I’m going to be very self indulgent in this post so if you don’t want to hear about me, that’s fine but you probably don’t want to keep reading. I’m going to write this post because last night I felt proud of myself. Pride is not a normal emotion for me, and in this case it was pride about work that I had done emotionally and mentally, which almost never happens. I don’t see people encouraged to share their moments of growth and pride very often or very publicly, but I want to write this down and share it openly so that when I am scared or worried or self hating, I can use this against myself and my jerkbrain. I want evidence that I did these things.
I have successfully done so many things this week that a year ago would probably have been completely impossible. I navigated a Con with over 6000 people without feeling any anxiety. I even talked to a number of new people for fairly extended periods of time. I even made new friends who I have now hung out with since then (which is a serious accomplishment in and of itself). I danced and I talked on panels and I didn’t panic or hide or need oodles of alone time. I enjoyed myself, completely unabashedly.
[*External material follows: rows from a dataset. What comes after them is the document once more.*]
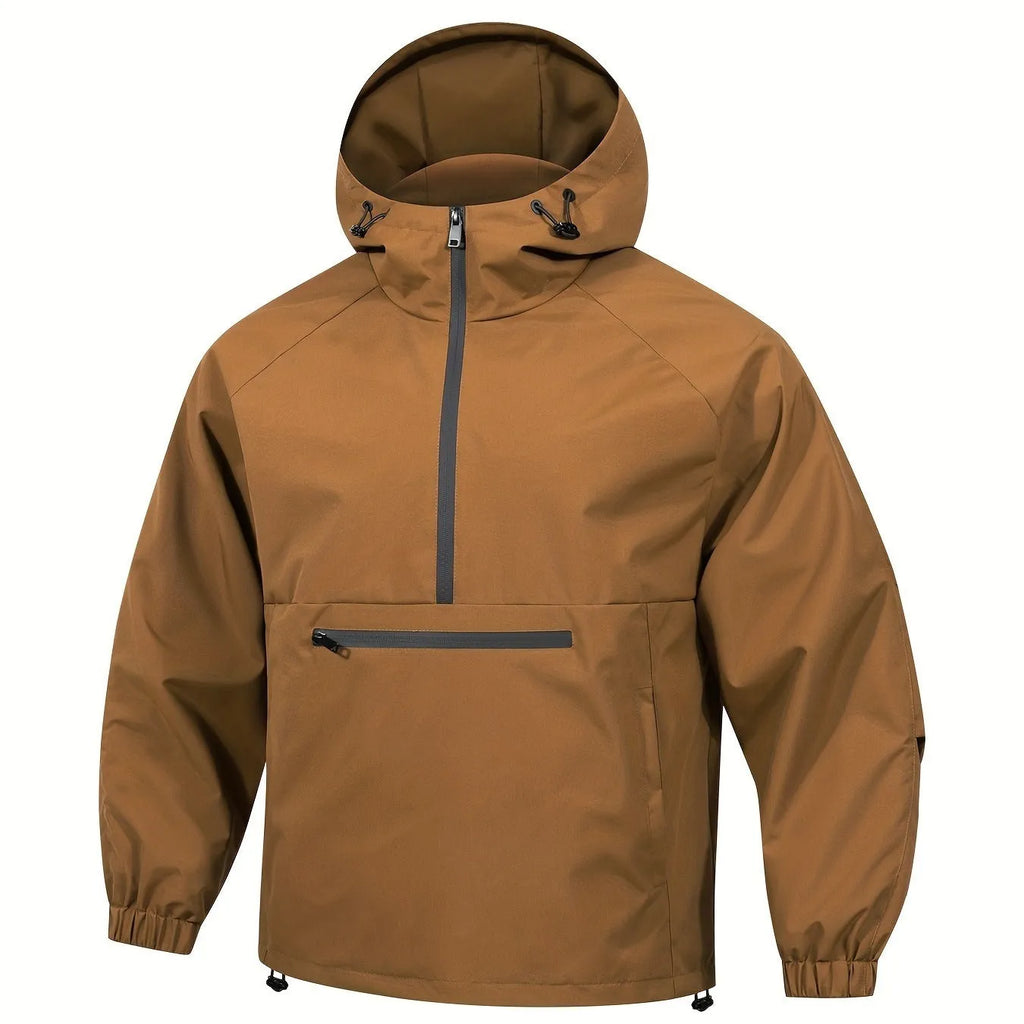 Men's loose grey corduroy half-zip hooded sweater jacket with rabbit fur fabric on a hanger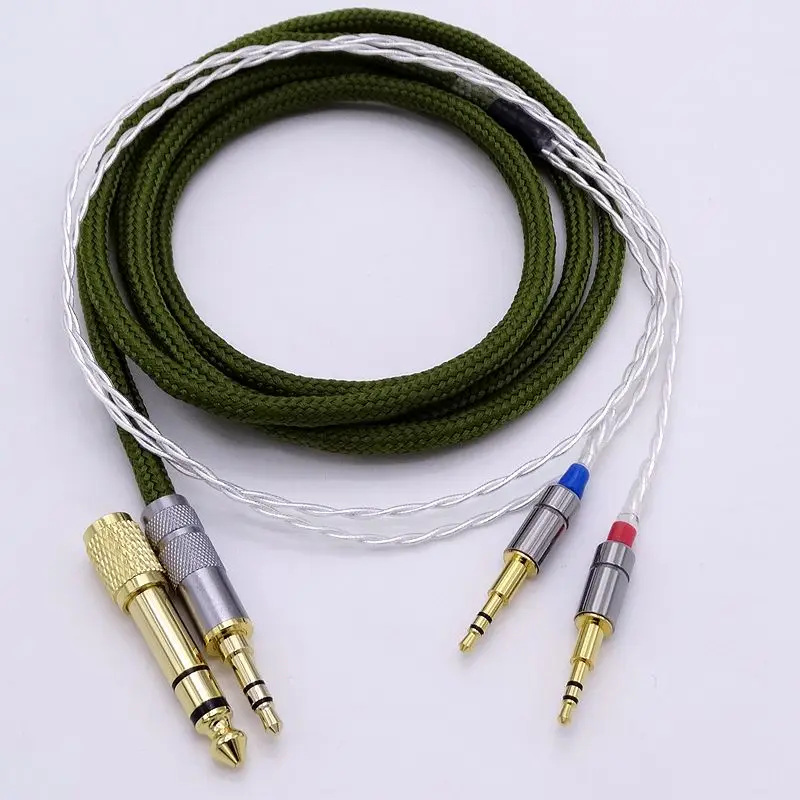 1 2 Meter Hi End 4 Cores 5N OCC Silver Plated HiFi Cable Headphone Upgrade Cable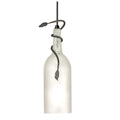 4 Wide Tuscan Vineyard Frosted White Wine Bottle Mini Pendant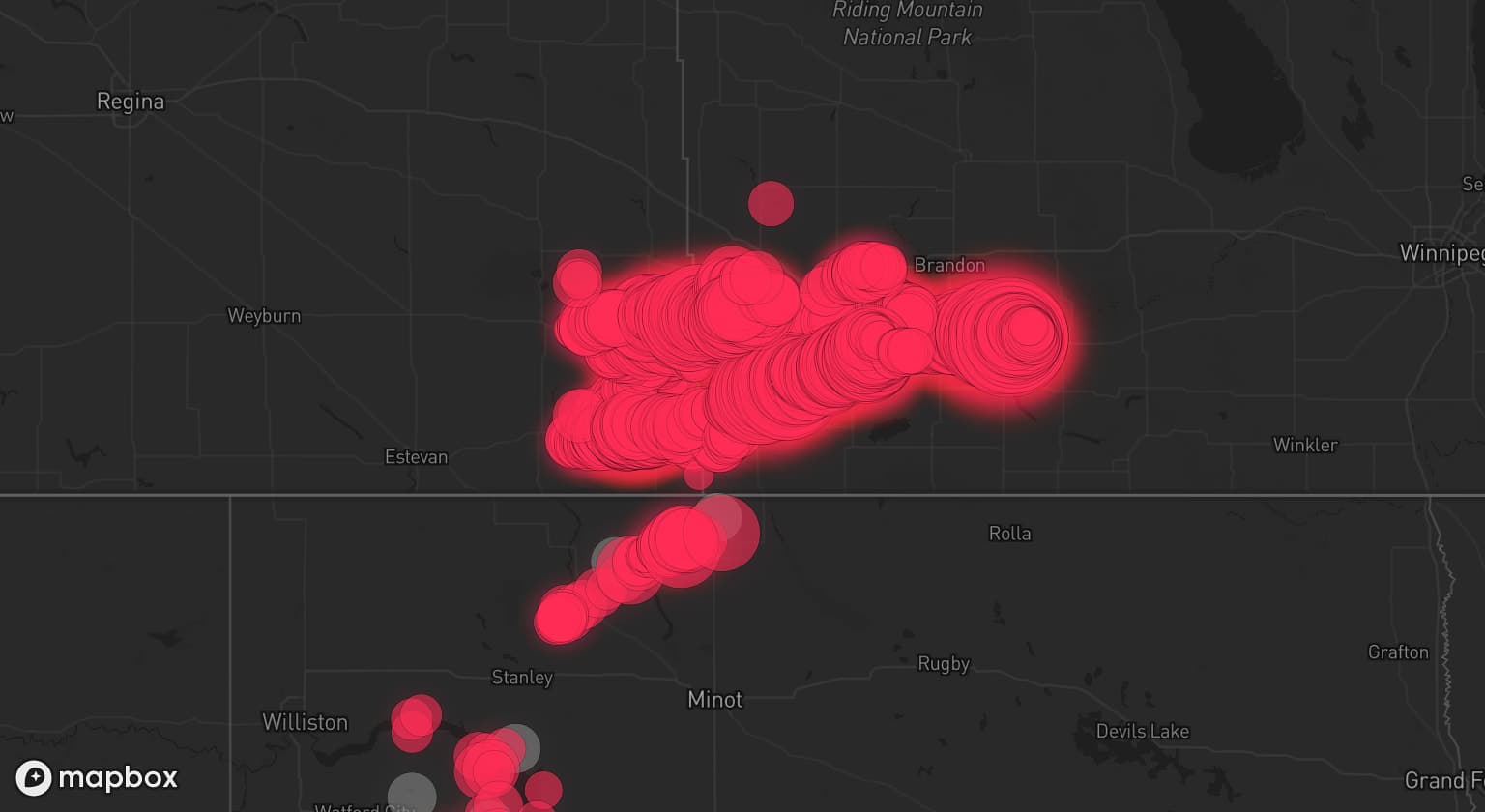 Storm map for 8 areas across North Dakota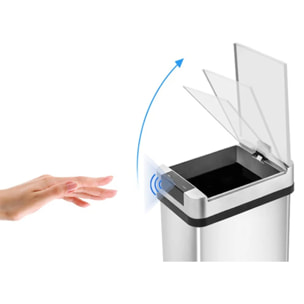 Poubelle automatique inox PARKSIDE argent 50L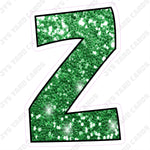 Single Letters: 12” Bouncy Glitter Green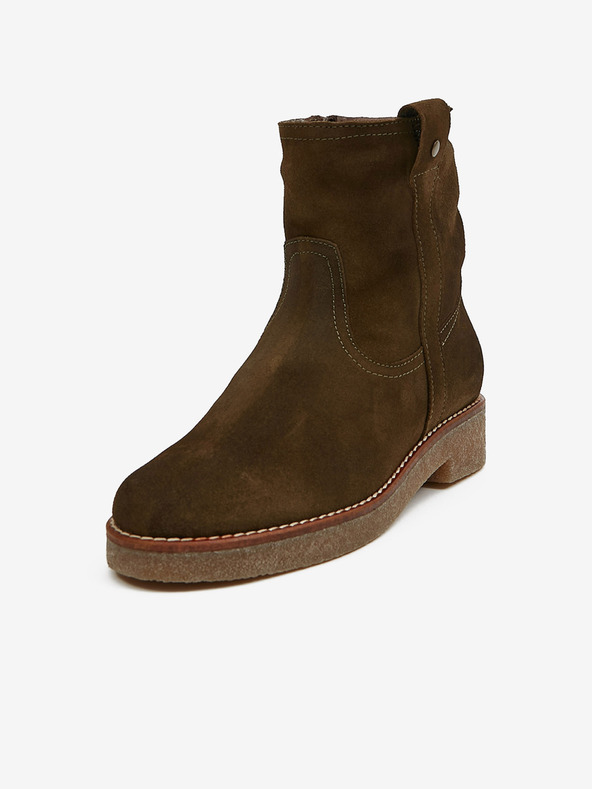 Ojju Khaki dámske zateplené semišové členkové čižmy OJJU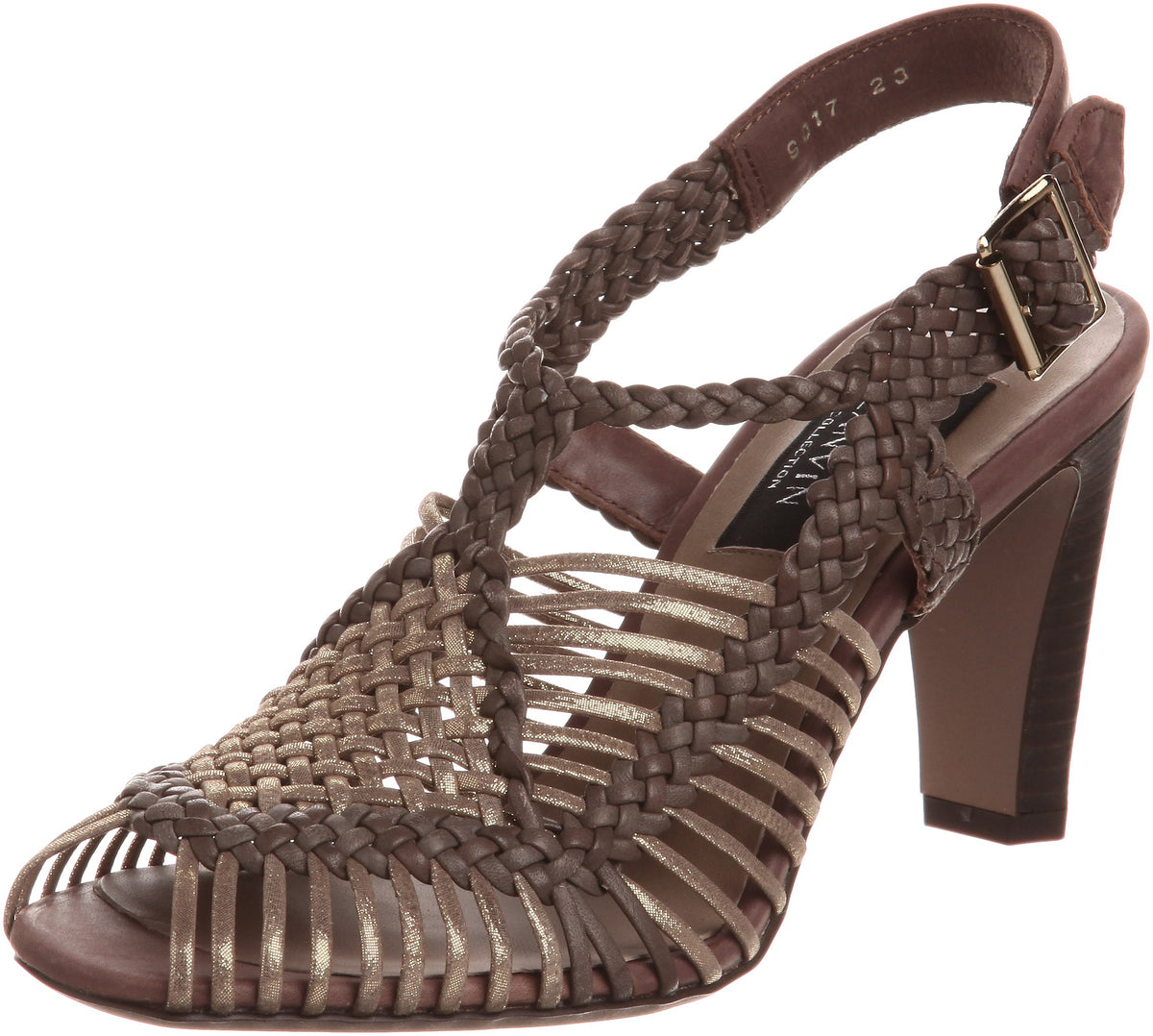 Lanvin Collection 9017 Back Strap Mesh Sandals, brown (dark) combination, 22.5 cm
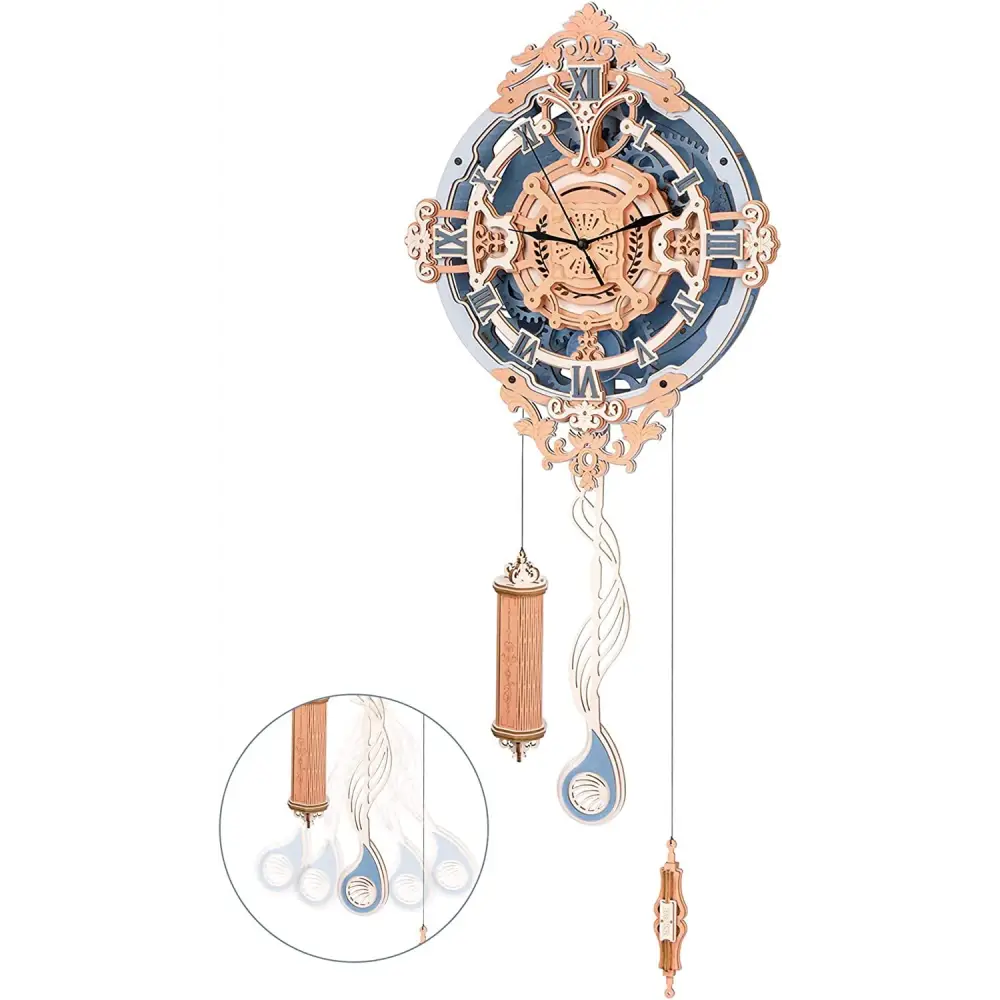 Robotime ROKR Romantic Notes Wall Clock 3D Wooden Puzzle Model - LauBelle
I’ve spent most of the week at work on the phone, talking to angry customers. I have so much anxiety about talking on the phone, in the past I have spent days avoiding making phone calls. And yet this week, multiple days, I went into work, jumped on the phone and plowed through dozens of calls to people who were unhappy and frustrated and confused. I looked directly at something that scared me and made me feel incompetent and I did it. I felt confused and lost in my job, not quite sure what was going on or what I needed to be doing, and I still showed up and moved forward and didn’t beat myself up.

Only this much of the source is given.